Si l’on considère, comme moi, que Link enfant meurt au début de Majora’s Mask et que toute son aventure est une métaphore du deuil, il serait très cohérent que le loup / Stalfos doré de ce Twilight Princess serait ce Link. C’est le fait de se perdre dans la forêt et sans fée qui changerait quelqu’un en Stalfos et le personnage est très exactement dans cette configuration au début de Majora, mais étant un héros élu des déesses il subirait cette malédiction différemment, notamment en gardant son libre arbitre. Ça paraît alors logique qu’il décide d’apprendre à se battre au mieux pour transférer son savoir au prochain héros élu des déesses, à savoir le Link de Twilight Princess pour enfin reposer en paix. Je vous recommande la lecture de cette article vers sa fin pour l’explication détaillée, ou encore cette vidéo en anglais qui dit la même chose mais avec humour.

Bon après, il y a bien des petites faiblesses dans l’écriture qui en limite la maîtrise. Il y a des raccourcis scénaristiques un peu faciles, par exemple on est à la recherche d’Iria et d’un prince Zora et comme par hasard la première est tombée sur le second il y a peu.

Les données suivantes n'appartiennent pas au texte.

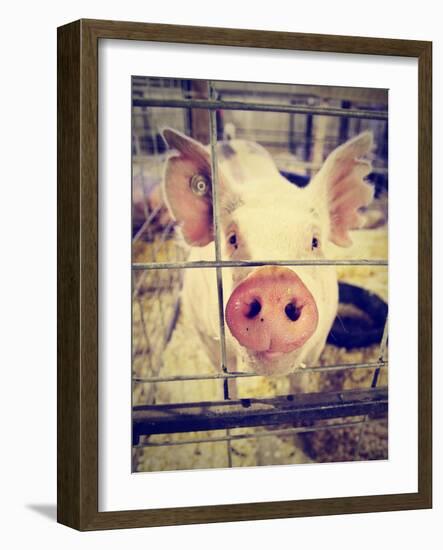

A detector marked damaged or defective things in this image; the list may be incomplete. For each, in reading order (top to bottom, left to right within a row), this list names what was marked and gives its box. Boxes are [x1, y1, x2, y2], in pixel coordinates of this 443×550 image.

rusty metal bar [132, 98, 388, 122]
rusty metal bar [133, 386, 388, 446]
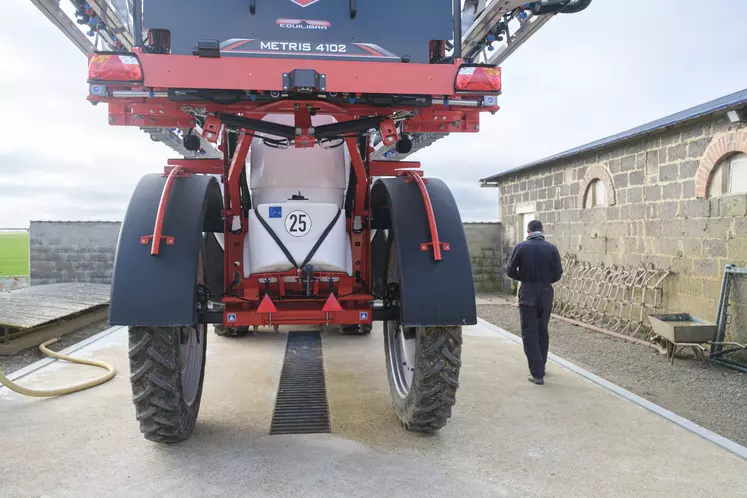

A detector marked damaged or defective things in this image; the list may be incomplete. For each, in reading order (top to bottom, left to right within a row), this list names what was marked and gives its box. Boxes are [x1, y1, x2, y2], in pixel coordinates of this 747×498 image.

rusty metal rack [556, 256, 672, 338]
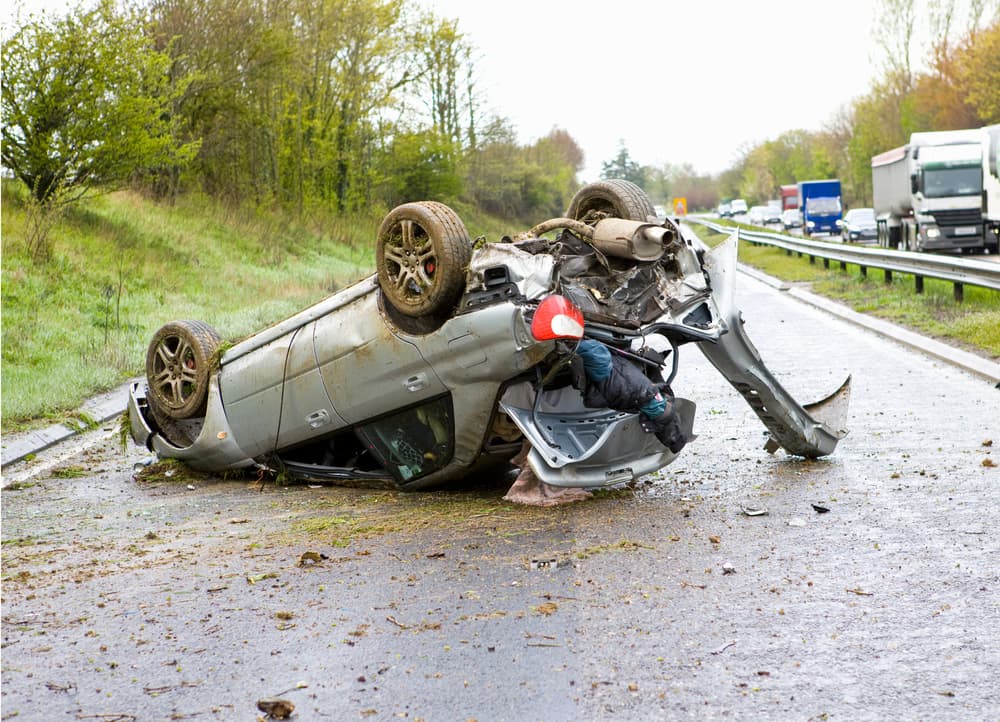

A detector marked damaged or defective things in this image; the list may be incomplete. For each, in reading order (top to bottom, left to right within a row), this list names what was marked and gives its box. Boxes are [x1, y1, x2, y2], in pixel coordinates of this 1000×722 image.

exposed car wheel [376, 201, 472, 316]
exposed car wheel [572, 179, 656, 224]
exposed car wheel [146, 320, 220, 420]
overturned silver car [129, 180, 852, 490]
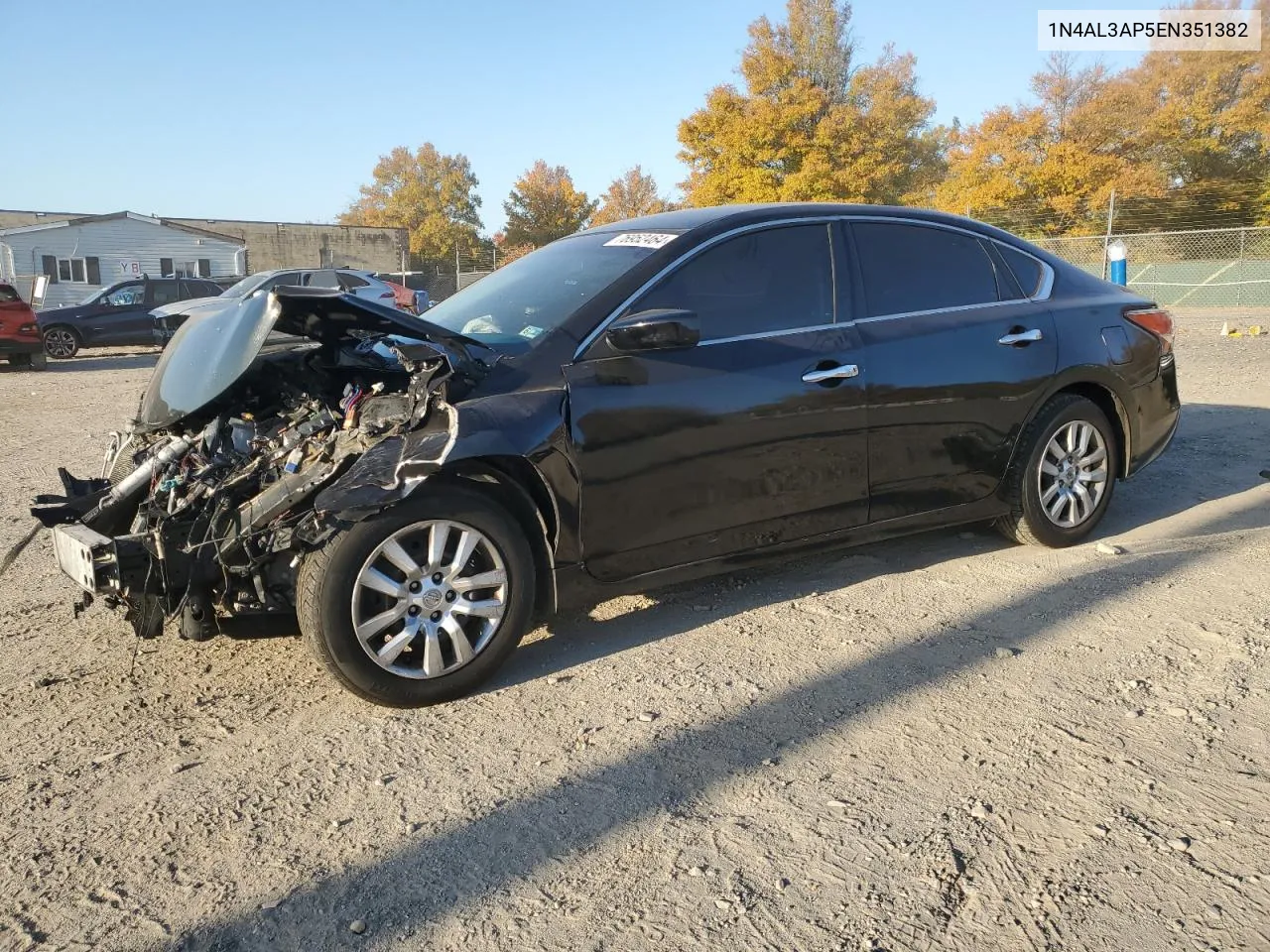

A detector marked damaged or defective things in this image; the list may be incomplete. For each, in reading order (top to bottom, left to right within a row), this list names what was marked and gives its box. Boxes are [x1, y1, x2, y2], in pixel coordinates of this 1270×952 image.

crumpled hood [135, 286, 490, 431]
wrecked front end [31, 291, 484, 645]
damaged front wheel well [427, 459, 556, 622]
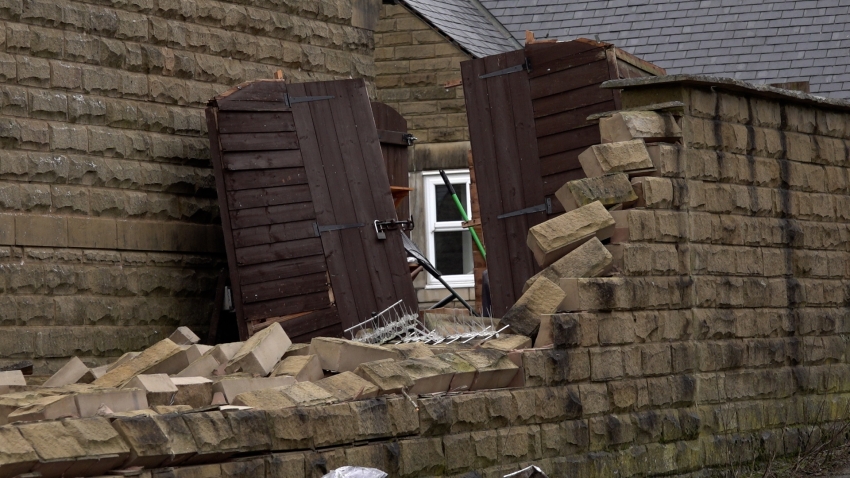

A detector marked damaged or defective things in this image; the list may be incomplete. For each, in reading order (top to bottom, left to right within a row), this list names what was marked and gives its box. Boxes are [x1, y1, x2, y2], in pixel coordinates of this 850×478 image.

pile of broken bricks [500, 107, 680, 342]
pile of broken bricks [0, 322, 544, 478]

Il y a des petites incohérences avec Midona qui se demande si récupérer un certain type d’artefact est une bonne idée et la phrase d’après rappelle qu’il faut se dépêcher pour y parvenir, aucune transition pour faire comprendre qu’elle hésite mais qu’elle pense que c’est la seule chose à tenter par exemple.

Mais il y a aussi quelques petites histoires annexes tout de même émouvantes, j’ai beaucoup aimé par exemple l’histoire du yéti et de sa femme qui sont très attachants alors que je ne m’y attendais pas du tout de par leur présentation, véhiculant ainsi un message sur les représentations a priori que l’on peut se faire et auxquelles on ne doit pas se fier. Globalement, l’écriture est réussie avec quelques fulgurances lui offrant un grand potentiel limité par les soucis d’écriture habituels à la saga, que j’ai du mal à comprendre vu qu’il y a tout de même 4 scénaristes dessus dont un ayant dirigé l’écriture de Majora.

CONCLUSION : 7 / 10

Premier Zelda 3D sur console de salon à ne pas avoir une très grande réputation, je ne suis pas sûr que ce soit tant dû à ses qualités, qui ne sont plus à prouver, qu’à sa philosophie de jeu générale héritée d’Ocarina of Time, certes efficace et abouti mais vieux de presque 10 ans. Eiji Aonuma et ses collaborateurs ont su décliner différemment la formule sur 4 épisodes mais je pense que le besoin d’un renouveau commence à se faire sentir et les défauts habituels (lourdeurs du maniement, moments un peu trop niais...) à vraiment gêner, sans empêcher le titre d’être grandiose à l’occasion.